## MATERIAL SHOWN

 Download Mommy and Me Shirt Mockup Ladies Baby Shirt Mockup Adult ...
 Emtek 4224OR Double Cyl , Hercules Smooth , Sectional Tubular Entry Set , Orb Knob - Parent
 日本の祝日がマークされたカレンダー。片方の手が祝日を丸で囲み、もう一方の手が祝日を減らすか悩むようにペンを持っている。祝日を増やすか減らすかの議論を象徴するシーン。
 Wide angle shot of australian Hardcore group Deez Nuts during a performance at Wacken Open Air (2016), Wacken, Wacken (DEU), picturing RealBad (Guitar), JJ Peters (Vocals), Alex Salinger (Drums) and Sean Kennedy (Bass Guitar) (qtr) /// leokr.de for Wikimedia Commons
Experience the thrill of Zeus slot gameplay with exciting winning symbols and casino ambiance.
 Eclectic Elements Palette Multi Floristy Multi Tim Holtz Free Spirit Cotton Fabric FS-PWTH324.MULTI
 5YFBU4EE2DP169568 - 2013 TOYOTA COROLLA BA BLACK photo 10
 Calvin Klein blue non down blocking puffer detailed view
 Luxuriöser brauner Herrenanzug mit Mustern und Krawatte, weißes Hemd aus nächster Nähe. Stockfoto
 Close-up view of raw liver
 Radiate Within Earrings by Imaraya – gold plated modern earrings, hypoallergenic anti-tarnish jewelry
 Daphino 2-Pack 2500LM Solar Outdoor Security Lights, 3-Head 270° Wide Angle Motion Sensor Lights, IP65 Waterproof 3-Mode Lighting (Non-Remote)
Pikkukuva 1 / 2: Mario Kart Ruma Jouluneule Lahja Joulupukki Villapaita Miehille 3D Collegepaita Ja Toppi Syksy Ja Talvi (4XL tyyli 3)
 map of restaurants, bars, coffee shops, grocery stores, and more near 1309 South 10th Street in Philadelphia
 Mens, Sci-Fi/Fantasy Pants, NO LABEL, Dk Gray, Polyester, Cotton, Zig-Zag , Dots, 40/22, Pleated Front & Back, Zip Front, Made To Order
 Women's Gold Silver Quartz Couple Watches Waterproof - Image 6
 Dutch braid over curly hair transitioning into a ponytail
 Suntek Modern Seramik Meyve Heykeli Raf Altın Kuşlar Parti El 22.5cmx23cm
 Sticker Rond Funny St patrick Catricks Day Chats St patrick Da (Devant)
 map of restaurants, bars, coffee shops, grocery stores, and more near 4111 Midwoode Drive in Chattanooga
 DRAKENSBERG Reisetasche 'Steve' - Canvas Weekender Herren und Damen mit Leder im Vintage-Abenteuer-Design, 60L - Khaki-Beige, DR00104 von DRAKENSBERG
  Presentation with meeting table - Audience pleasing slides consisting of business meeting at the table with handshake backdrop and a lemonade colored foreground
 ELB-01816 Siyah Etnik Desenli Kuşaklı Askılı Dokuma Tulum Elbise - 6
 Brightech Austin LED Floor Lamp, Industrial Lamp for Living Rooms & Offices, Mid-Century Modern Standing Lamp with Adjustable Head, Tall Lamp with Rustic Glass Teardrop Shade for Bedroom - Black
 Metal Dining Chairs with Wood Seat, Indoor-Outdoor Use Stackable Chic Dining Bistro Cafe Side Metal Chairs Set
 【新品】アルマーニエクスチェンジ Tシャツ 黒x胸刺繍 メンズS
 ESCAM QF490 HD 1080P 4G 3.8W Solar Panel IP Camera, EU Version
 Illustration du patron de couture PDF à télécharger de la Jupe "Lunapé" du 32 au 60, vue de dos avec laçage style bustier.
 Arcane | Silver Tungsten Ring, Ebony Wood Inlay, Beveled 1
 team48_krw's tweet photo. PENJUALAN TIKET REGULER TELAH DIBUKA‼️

## EXERCISE
Lines wanted from the listing above: the line with "Radiate Within Earrings" up to and including the line with "Suntek Modern Seramik". Please write them out exactly, adding nothing else.

## RESPONSE BELOW
 Radiate Within Earrings by Imaraya – gold plated modern earrings, hypoallergenic anti-tarnish jewelry
 Daphino 2-Pack 2500LM Solar Outdoor Security Lights, 3-Head 270° Wide Angle Motion Sensor Lights, IP65 Waterproof 3-Mode Lighting (Non-Remote)
Pikkukuva 1 / 2: Mario Kart Ruma Jouluneule Lahja Joulupukki Villapaita Miehille 3D Collegepaita Ja Toppi Syksy Ja Talvi (4XL tyyli 3)
 map of restaurants, bars, coffee shops, grocery stores, and more near 1309 South 10th Street in Philadelphia
 Mens, Sci-Fi/Fantasy Pants, NO LABEL, Dk Gray, Polyester, Cotton, Zig-Zag , Dots, 40/22, Pleated Front & Back, Zip Front, Made To Order
 Women's Gold Silver Quartz Couple Watches Waterproof - Image 6
 Dutch braid over curly hair transitioning into a ponytail
 Suntek Modern Seramik Meyve Heykeli Raf Altın Kuşlar Parti El 22.5cmx23cm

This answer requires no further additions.